The stress test applies when switching lenders at renewal, increasing the loan amount, or refinancing. If you renew with your existing lender at same or lower balance, the stress test typically does not apply — this is why some borrowers stay with their current lender.
Does it apply to insured and uninsured mortgages differently?
For insured mortgages: higher of Bank of Canada conventional 5-year rate or contract + 2.00%, with 25-year amortization cap. For uninsured: same formula per OSFI B-20, but 30-year amortization allowed. In practice, qualifying rates are similar.
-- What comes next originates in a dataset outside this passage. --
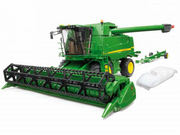 Bruder John Deere Combine harvester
What if I have a variable-rate mortgage?
For variable rates, stress test uses higher of 5.25% or contract + 2.00%. Since variable rates are often lower than fixed, the 5.25% floor is commonly binding. The test ensures you can afford payments if rates rise — exactly the scenario variable-rate borrowers face.
Can I avoid the stress test?
For federally regulated lenders, the stress test is mandatory. Some provincially regulated credit unions and private lenders may have different rules, but their rates typically reflect the additional risk. Avoiding the stress test through an unregulated lender can expose you to payment shock if rates rise.
How is the stress test different from GDS/TDS?
The GDS/TDS test checks ratios at your contract rate. The stress test is an additional layer: checks whether you would still pass at a higher qualifying rate. You must pass BOTH. If either fails, your max mortgage is reduced. The calculator applies both simultaneously.